Layer 5: Evaluation

Layer 5 computes forecast accuracy, benchmark-relative metrics, aggregation, slicing, decomposition, ranking, and reporting artifacts. It is descriptive evaluation; inference belongs to Layer 6.

Contract

Inputs:

  • l4_forecasts_v1;

  • l4_model_artifacts_v1;

  • l1_data_definition_v1;

  • optional l1_regime_metadata_v1;

  • l3_metadata_v1.

Output:

  • l5_evaluation_v1.

Sub-Layers

Slot

Purpose

L5.A

metric specification

L5.B

benchmark comparison

L5.C

aggregation

L5.D

sample slicing and decomposition

L5.E

ranking and reporting

Main Axes

  • metrics: primary_metric, point_metrics, density_metrics, direction_metrics, relative_metrics;

  • benchmark: benchmark_window, benchmark_scope;

  • aggregation: agg_time, agg_horizon, agg_target, agg_state;

  • slicing: oos_period, regime_use, regime_metrics;

  • decomposition: decomposition_target, decomposition_order;

  • output shape: ranking, report_style.

Gates

  • Relative metrics require an L4 benchmark.

  • Density metrics require quantile or density forecasts.
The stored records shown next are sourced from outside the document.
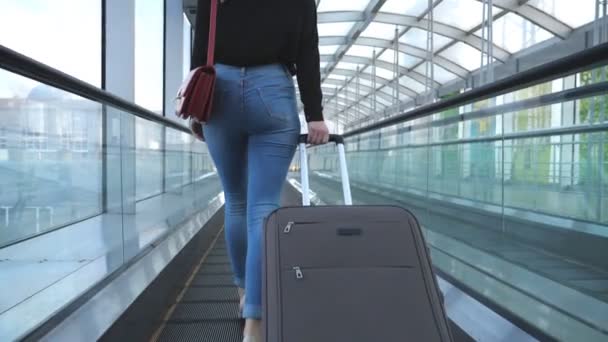 Nogi Biznes Kobieta Przeżywa Hali Terminala Jej Bagażu Młoda Dziewczyna — Wideo stockowe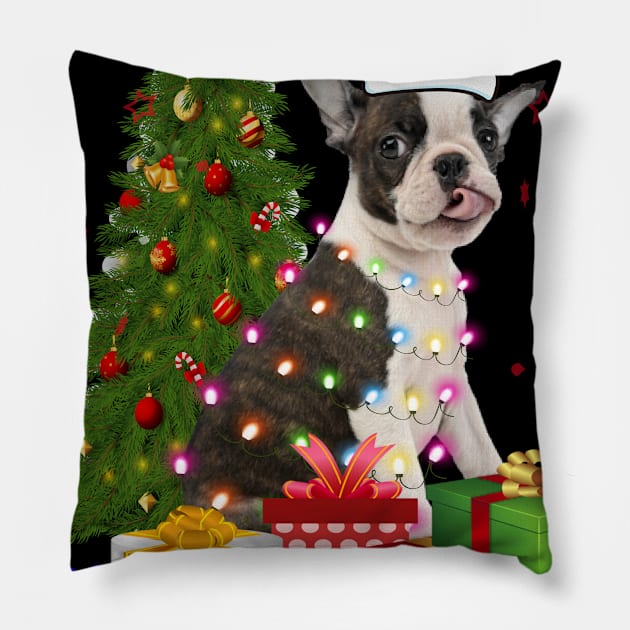 Boston Terrier Christmas Tree Santa Hat Funny Xmas Gift Dog T-Shirt Pillow by CoolTees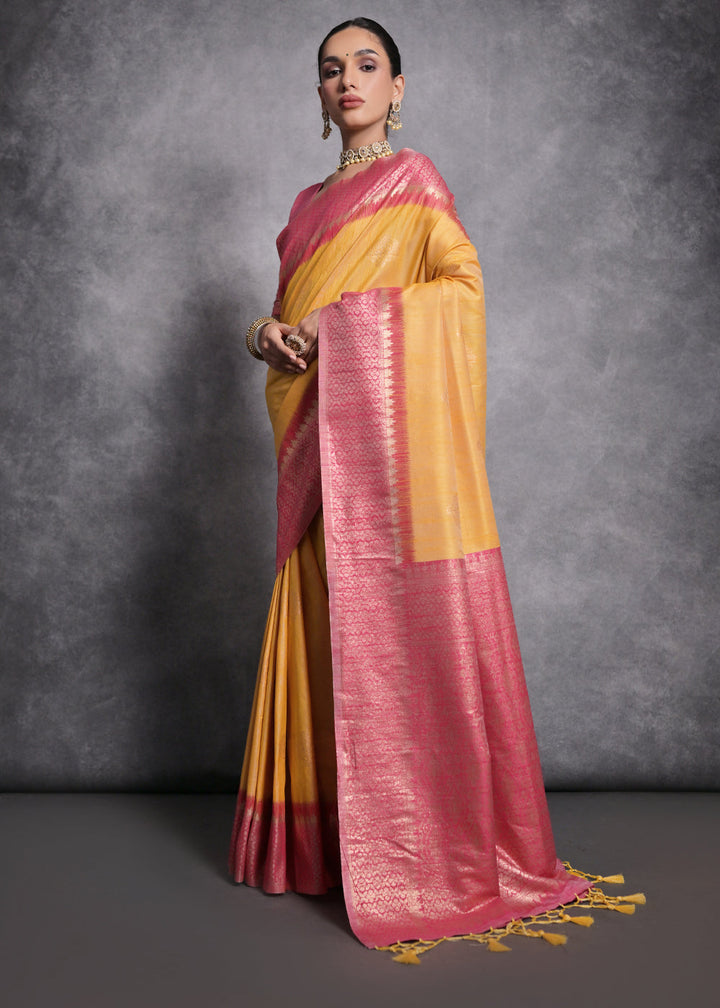 Saffron Yellow Tussar Silk Saree with Zari Woven Contrast Border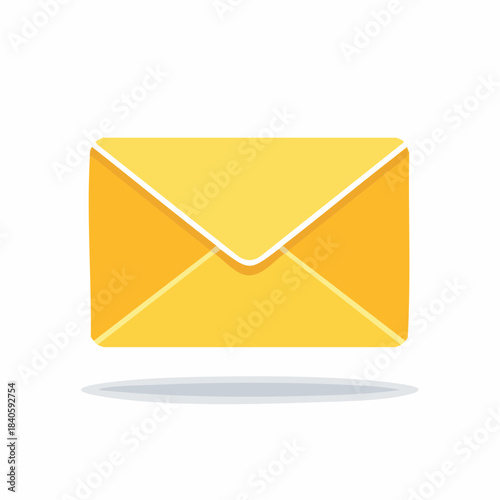Closed yellow paper envelope floating above the ground, depicting communication or correspondence, rendered in a simple and cartoonish style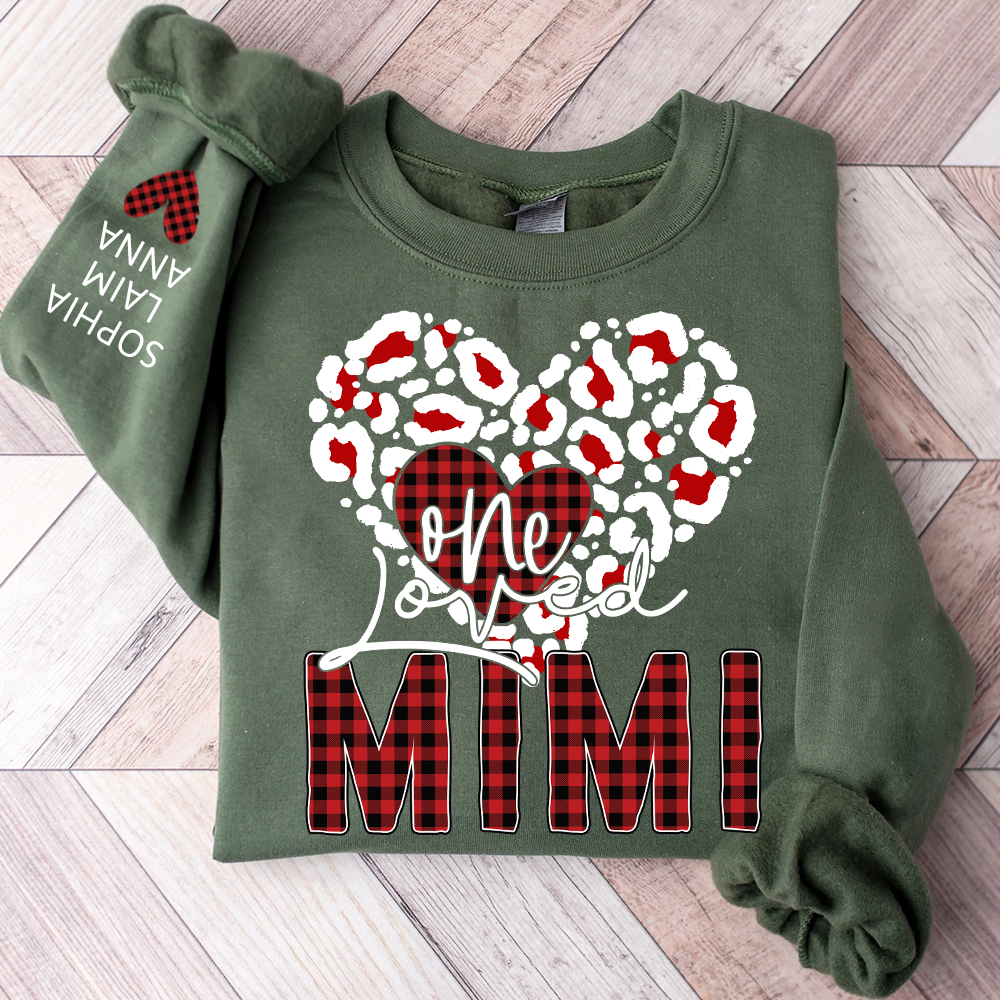 Personalized One Love Mimi Sweatshirt, Custom Grandma And Kids, Gift For Design for Valentine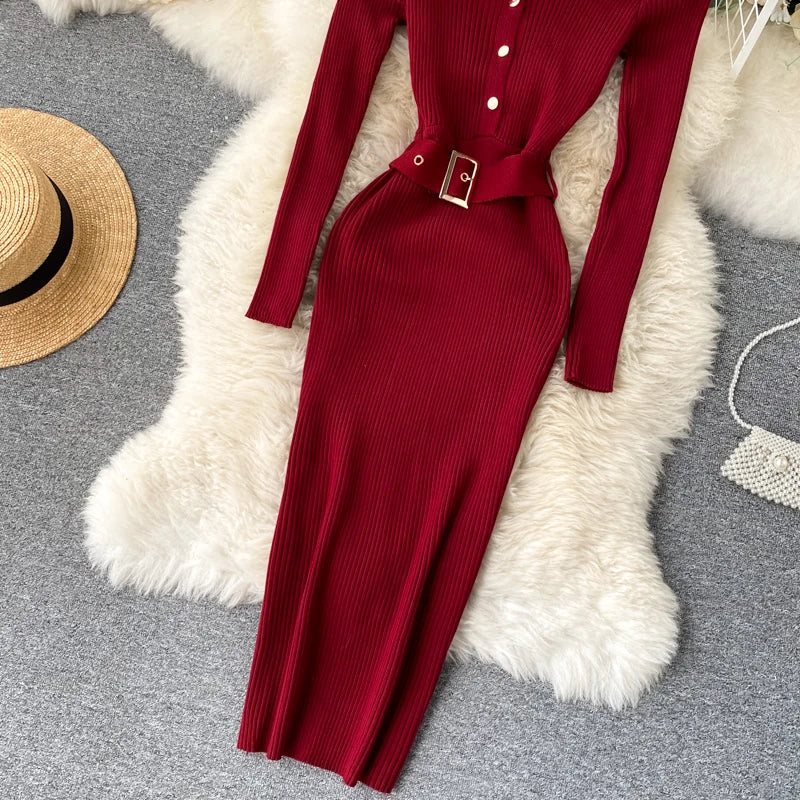 Womens Winter Knitted Dress Stand Collar With Sash Belt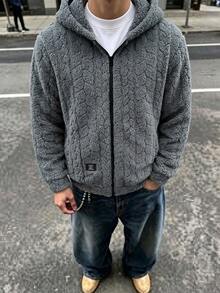 SHEIN 青少年男孩休閒灰色毛絨拉鍊連帽外套，小麥紋理設計，適合秋冬保暖穿著上學 - 灰色 - 查看 6
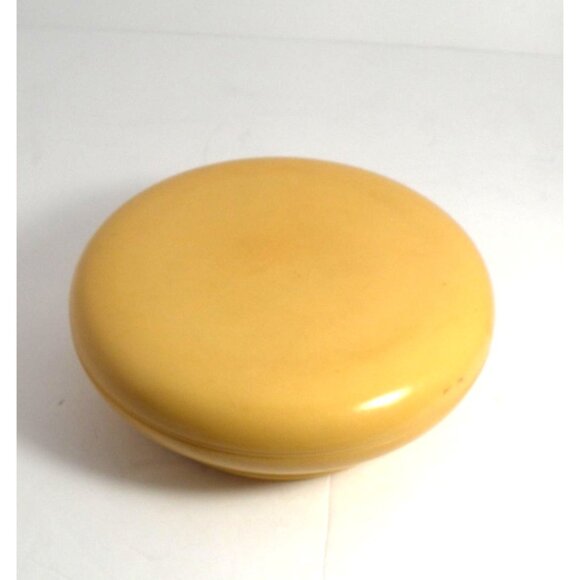 Vintage Yellow Celluloid Vanity Powder Jar/Trinket Box W/ Monogrammed Lid *Rare* - Picture 8 of 8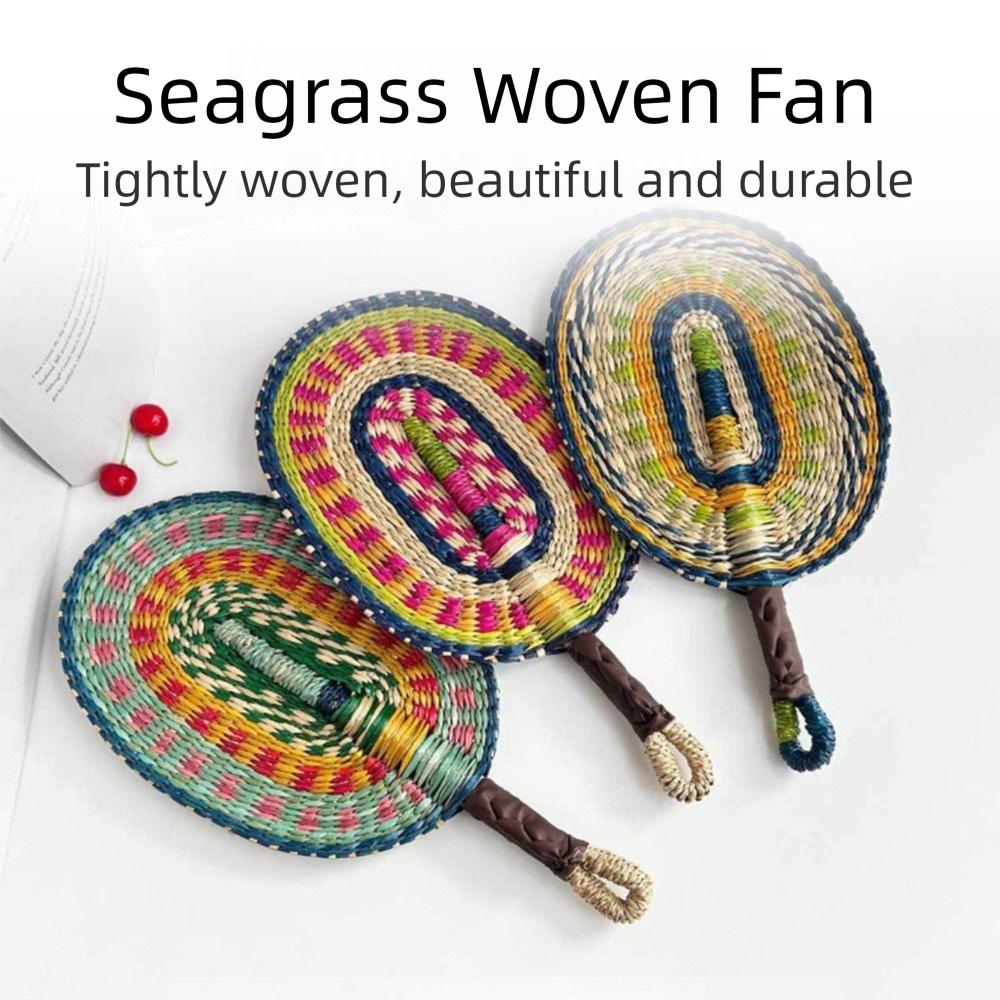 Gift Colorful Striped Patterns Seagrass Woven Fan Bohemian Anti-Mosquito Cattail Fan Vintage Portable Hand Braided Fan Indoor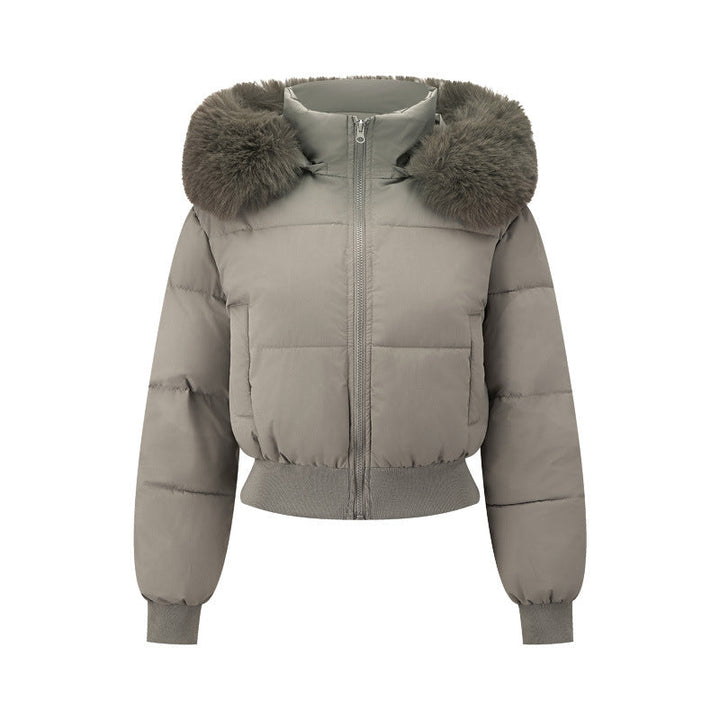 Francesca hooded puffer bomber with faux fur collar – image 5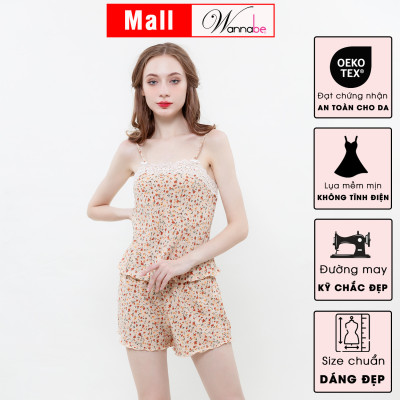 Đồ bộ mặc nhà WANNABE BSS95 đồ bộ quần sọt mặc với áo 2 dây lụa mango mềm mịn dạng ống ngang viền ren đơn giản dễ thương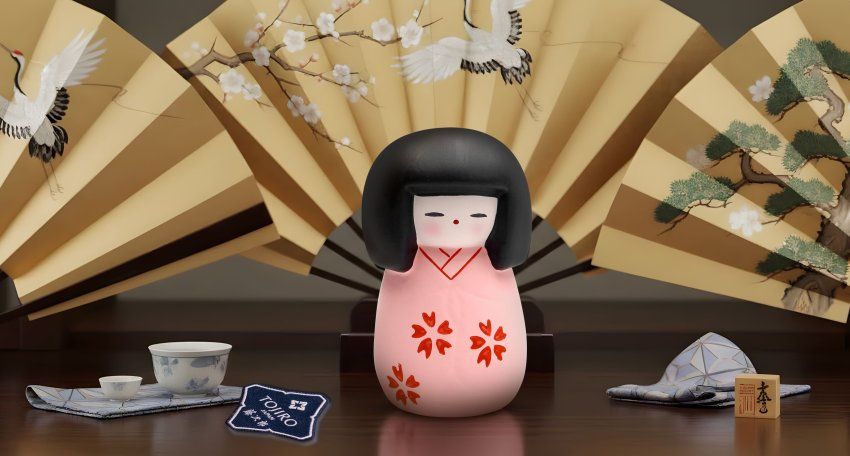 Фотография Сувенир МИНИ КУКОЛКА КОКЭСИ 10 см, ручная работа, розовый (made in Japan)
  • agg_target requires multi-target data.

  • agg_state and by_state decomposition require FRED-SD.

  • Regime metrics and by_regime decomposition require an active L1 regime.

  • ranking: mcs_inclusion requires active L6 MCS.

Example

5_evaluation:
  fixed_axes:
    primary_metric: relative_mse
    point_metrics: [mse, mae]
    relative_metrics: [relative_mse, r2_oos]
    benchmark_scope: per_target_horizon
    agg_horizon: per_horizon_separate
    ranking: by_relative_metric
    report_style: per_target_horizon_panel

See encyclopedia

For the full per-axis × per-option catalogue (every value with its OptionDoc summary, when-to-use / when-NOT, references), see encyclopedia/l5/.